Ya fuera la guerra en Libia o las próximas elecciones americanas, Bruno había mantenido una estrecha vigilancia sobre los asuntos mundiales.

La guerra se acercaba, y mucho más rápido de lo que había pensado anteriormente.

Y tal vez fue por esto que ahora mantenía una cercana comunicación con generales aliados en quienes podía confiar que tenían un nivel de competencia.

Rusia no era particularmente conocida por sus brillantes comandantes militares.

Incluso el Mariscal Zhukov, quien fue alabado por la victoria sobre la Wehrmacht en la Segunda Guerra Mundial en la vida pasada de Bruno, tenía tanta sutileza y matiz como el martillo de un herrero.

Pero en la Gran Guerra, hubo un General que destacaba entre todos los demás en la Stavka, que era el nombre del alto mando militar del Imperio Ruso.

El General Mikhail Alekseyev era también un hombre con quien Bruno tenía algunos lazos amistosos.

Habiendo servido bajo su mando durante la Guerra Civil Rusa, que en esta vida había ocurrido mucho antes que en la línea de tiempo anterior, Bruno a menudo se encontraba superando al hombre en un juego de ajedrez cuando no estaban en el campo de batalla.

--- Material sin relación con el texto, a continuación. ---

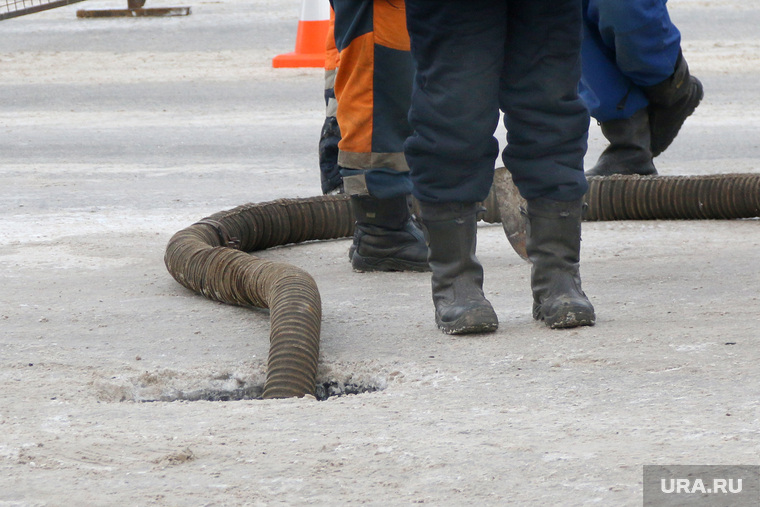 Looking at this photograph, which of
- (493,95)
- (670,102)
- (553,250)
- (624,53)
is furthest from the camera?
(670,102)

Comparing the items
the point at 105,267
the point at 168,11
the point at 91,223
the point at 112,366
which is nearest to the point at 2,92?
the point at 168,11

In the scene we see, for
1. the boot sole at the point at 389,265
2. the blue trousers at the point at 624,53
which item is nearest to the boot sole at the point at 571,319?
the boot sole at the point at 389,265

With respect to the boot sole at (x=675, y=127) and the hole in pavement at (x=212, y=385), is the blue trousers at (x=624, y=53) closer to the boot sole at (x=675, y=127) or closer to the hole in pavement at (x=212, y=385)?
the boot sole at (x=675, y=127)

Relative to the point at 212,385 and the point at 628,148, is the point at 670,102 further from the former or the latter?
the point at 212,385

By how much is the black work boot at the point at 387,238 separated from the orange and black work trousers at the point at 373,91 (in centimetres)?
6

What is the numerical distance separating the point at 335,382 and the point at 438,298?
440mm

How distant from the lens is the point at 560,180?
2.61 meters

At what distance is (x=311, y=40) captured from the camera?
823cm

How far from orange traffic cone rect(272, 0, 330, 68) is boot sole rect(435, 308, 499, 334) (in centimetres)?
579

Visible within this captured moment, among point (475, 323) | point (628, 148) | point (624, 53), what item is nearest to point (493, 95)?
point (475, 323)

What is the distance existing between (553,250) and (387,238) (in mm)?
828

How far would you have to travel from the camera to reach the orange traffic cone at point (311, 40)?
8.02m

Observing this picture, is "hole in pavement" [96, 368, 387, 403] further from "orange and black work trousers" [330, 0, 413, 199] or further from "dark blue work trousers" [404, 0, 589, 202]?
"orange and black work trousers" [330, 0, 413, 199]

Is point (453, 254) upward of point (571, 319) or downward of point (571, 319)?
upward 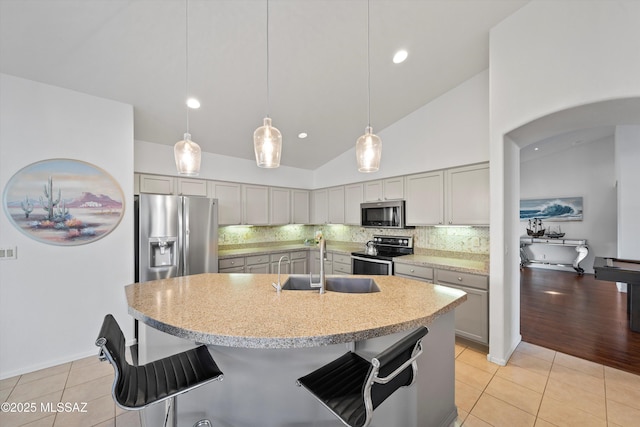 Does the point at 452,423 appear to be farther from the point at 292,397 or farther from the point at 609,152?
the point at 609,152

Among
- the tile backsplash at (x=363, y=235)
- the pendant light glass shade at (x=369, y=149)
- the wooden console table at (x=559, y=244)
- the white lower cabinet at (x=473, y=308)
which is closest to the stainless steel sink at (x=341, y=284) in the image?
the pendant light glass shade at (x=369, y=149)

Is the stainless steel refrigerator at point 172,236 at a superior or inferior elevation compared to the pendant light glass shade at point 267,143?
inferior

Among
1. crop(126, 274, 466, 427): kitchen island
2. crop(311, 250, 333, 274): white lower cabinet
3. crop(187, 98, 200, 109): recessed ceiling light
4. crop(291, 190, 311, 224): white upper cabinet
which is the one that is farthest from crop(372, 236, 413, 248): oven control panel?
crop(187, 98, 200, 109): recessed ceiling light

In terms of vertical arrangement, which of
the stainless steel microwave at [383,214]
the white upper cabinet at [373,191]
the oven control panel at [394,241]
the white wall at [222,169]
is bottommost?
the oven control panel at [394,241]

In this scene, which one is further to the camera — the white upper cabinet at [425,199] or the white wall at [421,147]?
the white upper cabinet at [425,199]

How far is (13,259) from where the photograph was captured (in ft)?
7.98

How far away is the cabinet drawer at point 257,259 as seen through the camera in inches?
172

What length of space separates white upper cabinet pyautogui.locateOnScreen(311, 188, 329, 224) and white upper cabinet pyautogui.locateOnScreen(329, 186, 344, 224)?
0.12 meters

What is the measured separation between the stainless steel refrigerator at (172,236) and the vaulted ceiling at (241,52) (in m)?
1.13

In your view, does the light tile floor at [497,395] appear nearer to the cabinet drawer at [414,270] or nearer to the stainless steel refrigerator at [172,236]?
the cabinet drawer at [414,270]

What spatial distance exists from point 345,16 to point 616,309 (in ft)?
19.3

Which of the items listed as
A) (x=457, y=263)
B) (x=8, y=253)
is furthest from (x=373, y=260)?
(x=8, y=253)

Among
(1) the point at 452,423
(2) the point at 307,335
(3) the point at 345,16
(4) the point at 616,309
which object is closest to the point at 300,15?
(3) the point at 345,16

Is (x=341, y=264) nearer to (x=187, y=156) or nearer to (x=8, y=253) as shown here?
(x=187, y=156) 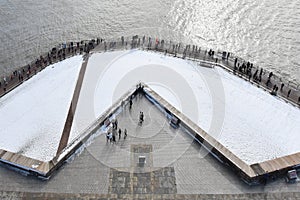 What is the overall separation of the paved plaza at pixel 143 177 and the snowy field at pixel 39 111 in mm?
5821

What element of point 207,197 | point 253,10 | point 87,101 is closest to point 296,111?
point 207,197

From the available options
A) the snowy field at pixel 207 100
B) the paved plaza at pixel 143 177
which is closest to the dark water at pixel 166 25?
the snowy field at pixel 207 100

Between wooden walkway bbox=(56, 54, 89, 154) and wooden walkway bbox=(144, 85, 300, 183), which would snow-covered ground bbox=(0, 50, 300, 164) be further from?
wooden walkway bbox=(144, 85, 300, 183)

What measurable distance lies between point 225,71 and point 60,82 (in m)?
19.5

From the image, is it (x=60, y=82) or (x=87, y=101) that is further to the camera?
(x=60, y=82)

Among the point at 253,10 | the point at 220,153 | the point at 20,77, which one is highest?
the point at 253,10

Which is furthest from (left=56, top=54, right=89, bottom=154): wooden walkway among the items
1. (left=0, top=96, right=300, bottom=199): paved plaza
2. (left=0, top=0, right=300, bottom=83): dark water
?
(left=0, top=0, right=300, bottom=83): dark water

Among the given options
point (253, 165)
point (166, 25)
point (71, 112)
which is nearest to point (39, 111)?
Result: point (71, 112)

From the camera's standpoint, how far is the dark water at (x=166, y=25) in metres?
45.6

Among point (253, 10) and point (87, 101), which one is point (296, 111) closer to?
point (87, 101)

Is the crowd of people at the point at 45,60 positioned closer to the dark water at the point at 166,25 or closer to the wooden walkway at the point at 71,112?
the dark water at the point at 166,25

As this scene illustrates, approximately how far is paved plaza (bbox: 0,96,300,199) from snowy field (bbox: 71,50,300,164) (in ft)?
20.3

Mikhail también tenía un gran respeto por Bruno, tanto que había descrito a Bruno como «Una cualidad rara entre los oficiales militares, en la medida en que era uno de los pocos generales en la historia humana que prefería estar en las primeras líneas de la guerra con los soldados bajo su autoridad en lugar de comandar a sus tropas de manera segura desde lejos».

Debido a esto, era uno de los confidentes de Bruno, especialmente después de que la alianza formal conocida en esta línea de tiempo como la Unión de Poderes Imperiales fuera forjada a través de los arduos y meticulosamente manipulados esfuerzos de Bruno en el escenario global.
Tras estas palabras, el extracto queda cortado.